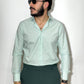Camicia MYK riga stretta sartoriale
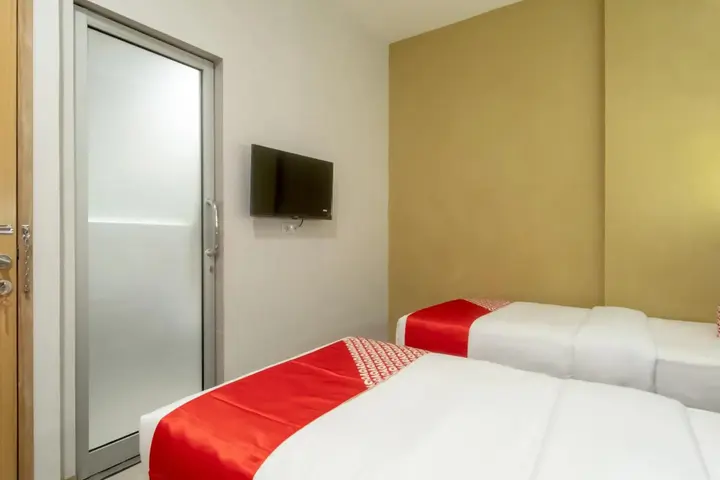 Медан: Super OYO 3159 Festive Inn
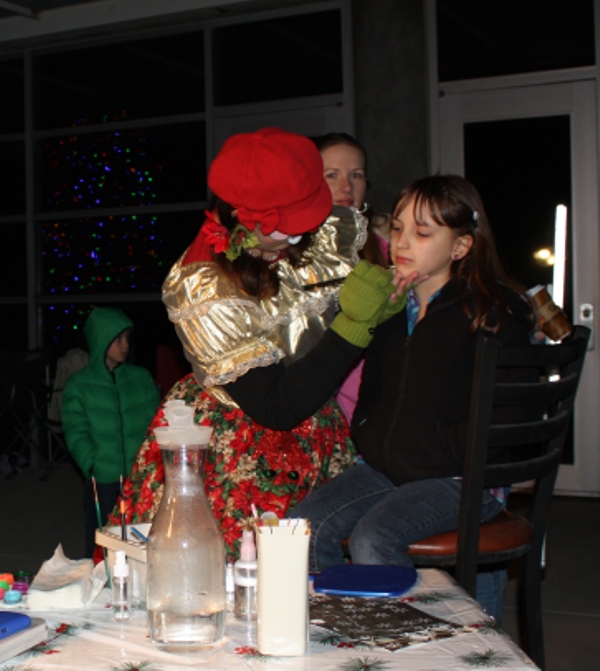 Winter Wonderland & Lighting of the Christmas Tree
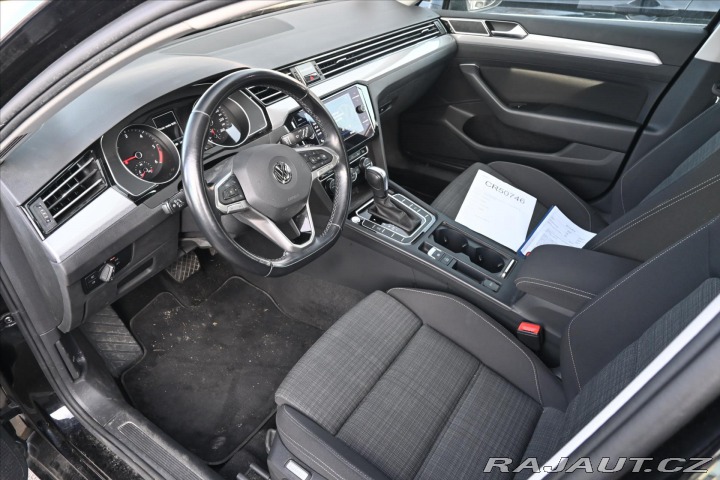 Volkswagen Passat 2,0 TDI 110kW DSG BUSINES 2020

* * *

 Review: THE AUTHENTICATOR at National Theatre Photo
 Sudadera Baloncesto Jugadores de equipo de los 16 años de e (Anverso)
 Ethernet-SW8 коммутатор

==

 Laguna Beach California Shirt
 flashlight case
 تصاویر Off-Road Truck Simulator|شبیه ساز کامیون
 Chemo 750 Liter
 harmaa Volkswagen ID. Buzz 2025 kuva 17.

:: Your assignment ::
Going back to the data above, write out everything from the line with "Camicia MYK riga stretta sartoriale" down to the line with "Volkswagen Passat 2,0", both included, leaving every picture out.

:: Response to the exercise ::
Camicia MYK riga stretta sartoriale
 Медан: Super OYO 3159 Festive Inn
 Winter Wonderland & Lighting of the Christmas Tree
 Volkswagen Passat 2,0 TDI 110kW DSG BUSINES 2020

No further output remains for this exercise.